# Favorite Vonnegut Quotes



## Siglark (Apr 14, 2007)

In honor of his passing.

My favorite is, "Why were so many Americans treated by thir government as though their lives were as disposable as paper facial tissues?"


----------



## strangedaze (Apr 15, 2007)

so it goes.


----------



## TinyMachines (Apr 15, 2007)

life is no way to treat an animal.


----------



## Mike C (Apr 15, 2007)

Go take a flying fuck. Go take a flying fuck at the moooooooon!


----------



## Siglark (Apr 15, 2007)

Here's another good one:


> Here is a lesson in creative writing. First rule: Do not use semicolons. They are transvestite hermaphrodites representing absolutely nothing.
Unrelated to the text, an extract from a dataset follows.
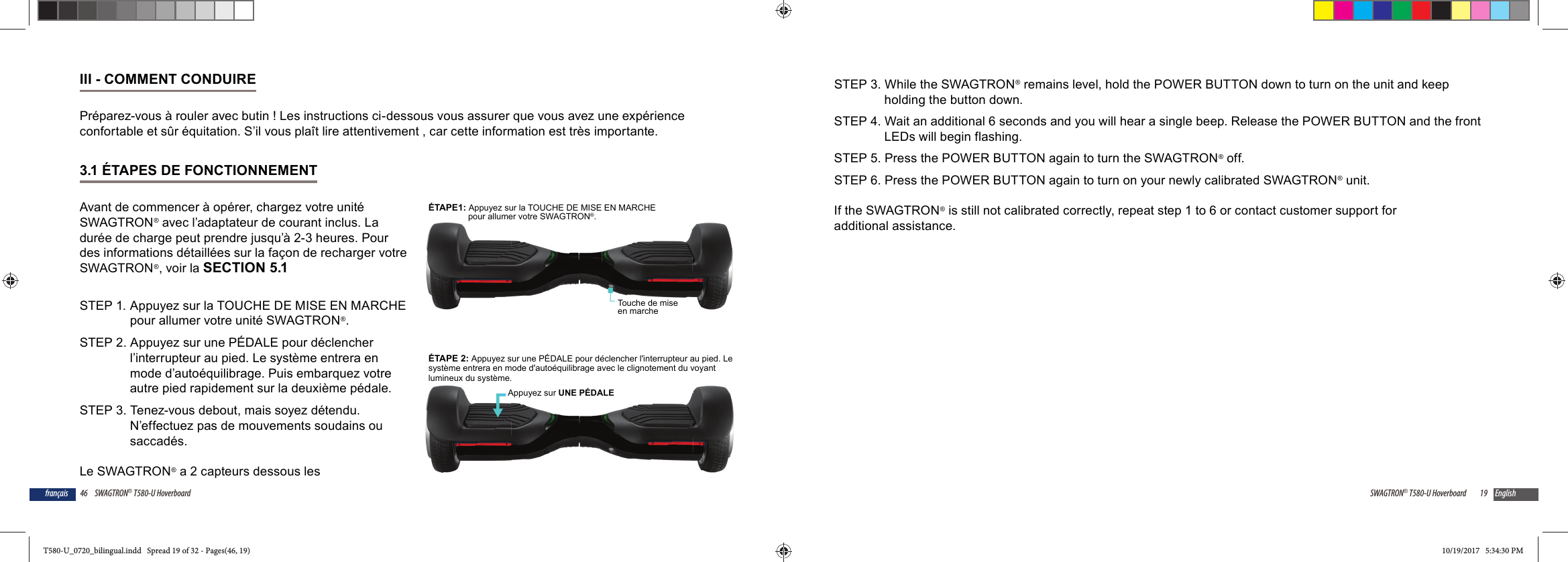 46 SWAGTRON&reg; T580-U Hoverboardfran&ccedil;aisIII - COMMENT CONDUIREPr&eacute;parez-vous &agrave; rouler avec butin ! Les instructions ci-dessous vous assurer que vous avez une exp&eacute;rience confortable et s&ucirc;r &eacute;quitation. S&rsquo;il vous pla&icirc;t lire attentivement , car cette information est tr&egrave;s importante.3.1 &Eacute;TAPES DE FONCTIONNEMENTAvant de commencer &agrave; op&eacute;rer, chargez votre unit&eacute; SWAGTRON&reg; avec l&rsquo;adaptateur de courant inclus. La dur&eacute;e de charge peut prendre jusqu&rsquo;&agrave; 2-3 heures. Pour des informations d&eacute;taill&eacute;es sur la fa&ccedil;on de recharger votre SWAGTRON&reg;, voir la SECTION 5.1STEP 1.  Appuyez sur la TOUCHE DE MISE EN MARCHE pour allumer votre unit&eacute; SWAGTRON&reg;.STEP 2. Appuyez sur une P&Eacute;DALE pour d&eacute;clencher l&rsquo;interrupteur au pied. Le syst&egrave;me entrera en mode d&rsquo;auto&eacute;quilibrage. Puis embarquez votre autre pied rapidement sur la deuxi&egrave;me p&eacute;dale. STEP 3. Tenez-vous debout, mais soyez d&eacute;tendu. N&rsquo;effectuez pas de mouvements soudains ou saccad&eacute;s.Le SWAGTRON&reg; a 2 capteurs dessous les Touche de mise en marche&Eacute;TAPE1: Appuyez sur la TOUCHE DE MISE EN MARCHEpour allumer votre SWAGTRON&reg;.&Eacute;TAPE 2: Appuyez sur une P&Eacute;DALE pour d&eacute;clencher l'interrupteur au pied. Lesyst&egrave;me entrera en mode d'auto&eacute;quilibrage avec le clignotement du voyantlumineux du syst&egrave;me.Appuyez sur UNE P&Eacute;DALE19SWAGTRON&reg; T580-U Hoverboard EnglishSTEP 3. While the SWAGTRON&reg; remains level, hold the POWER BUTTON down to turn on the unit and keep holding the button down.STEP 4. Wait an additional 6 seconds and you will hear a single beep. Release the POWER BUTTON and the front LEDs will begin flashing.STEP 5. Press the POWER BUTTON again to turn the SWAGTRON&reg; off.STEP 6. Press the POWER BUTTON again to turn on your newly calibrated SWAGTRON&reg; unit.If the SWAGTRON&reg; is still not calibrated correctly, repeat step 1 to 6 or contact customer support for additional assistance.T580-U_0720_bilingual.indd   Spread 19 of 32 - Pages(46, 19)T580-U_0720_bilingual.indd   Spread 19 of 32 - Pages(46, 19) 10/19/2017   5:34:30 PM10/19/2017   5:34:30 PM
All they do is show you've been to college.


He was a man of strong opinions


----------



## Mike C (Apr 16, 2007)

I like that one.


----------



## Itsaboysname (Apr 17, 2007)

All persons, living or dead, are purely coincidental.


----------



## still_flying (Apr 18, 2007)

True terror is to wake up one morning and discovering that your high school class is running the country.


----------



## salad days (Apr 19, 2007)

Life is no way to treat an animal.


----------



## raymondstary (Apr 26, 2007)

I won't look up the exact quote, but he said that even the most horrible things done by humans are done innocently. That's a beautiful and terrible idea, don't you think?


----------